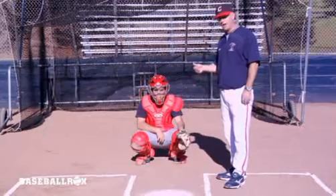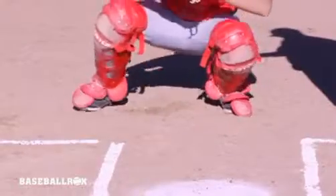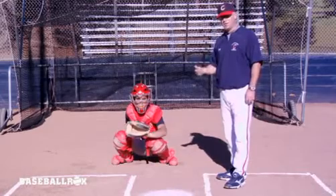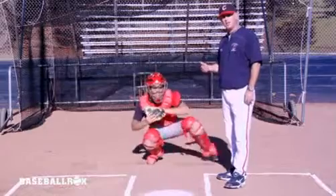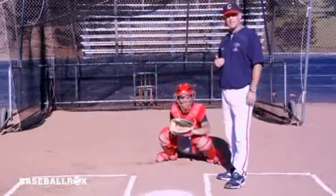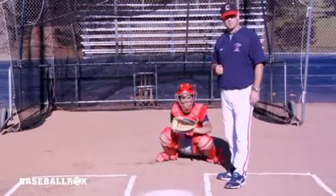He will jab step himself out to the outer half of the plate, lining his chest up with the outer edge. If the pitch dictates for him to be on the other side of the plate, Vance will jab step himself to the inside half, lining his chest up with the inner edge.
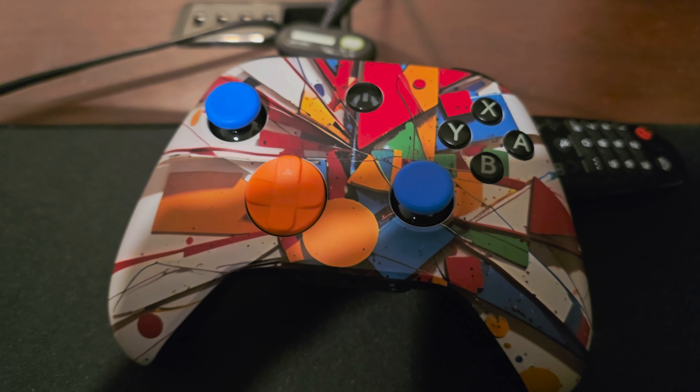It feels pretty good — it feels heavy. Looking at the box, this controller does have motion control. You can map out the buttons in the back, and there is vibration on this controller, which I was kind of worried about for a second there. You can also do wireless and wired — pretty much everything you'd want in a controller.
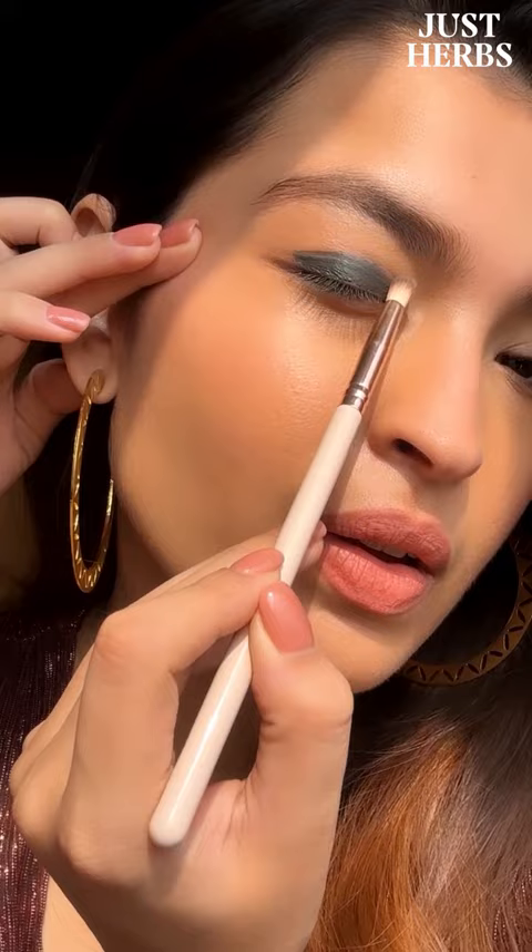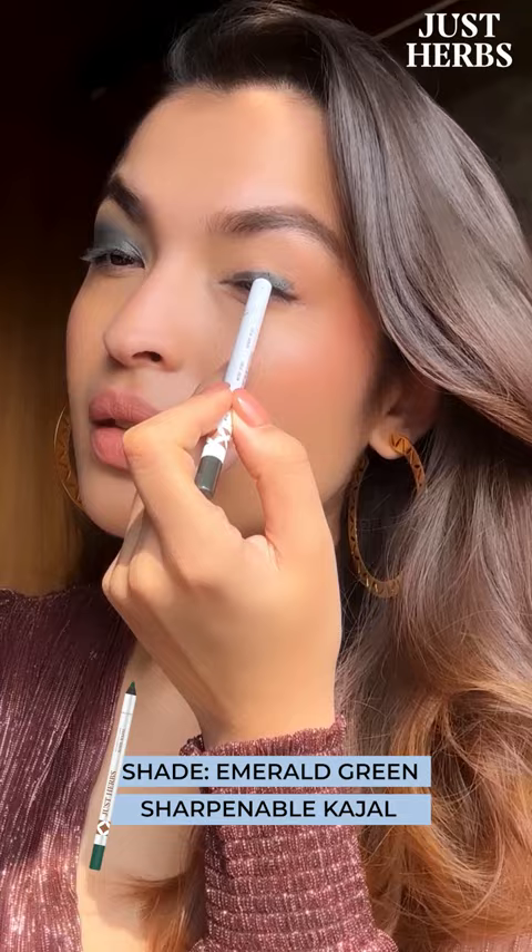With organic jojoba seed oil, vitamin E, and castor oil, this is incredibly safe for sensitive eyes as well. I love how you can just blend it out easily with a packed brush. I'm using jasmine white on my inner corners, and this is my final look. What do you think?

#####

WORK INSTRUCTIONS:
Would you please set down the data above again exactly, without its pictures?

RESULT OF THE EXERCISE:
He will jab step himself out to the outer half of the plate, lining his chest up with the outer edge. If the pitch dictates for him to be on the other side of the plate, Vance will jab step himself to the inside half, lining his chest up with the inner edge.
It feels pretty good — it feels heavy. Looking at the box, this controller does have motion control. You can map out the buttons in the back, and there is vibration on this controller, which I was kind of worried about for a second there. You can also do wireless and wired — pretty much everything you'd want in a controller.
With organic jojoba seed oil, vitamin E, and castor oil, this is incredibly safe for sensitive eyes as well. I love how you can just blend it out easily with a packed brush. I'm using jasmine white on my inner corners, and this is my final look. What do you think?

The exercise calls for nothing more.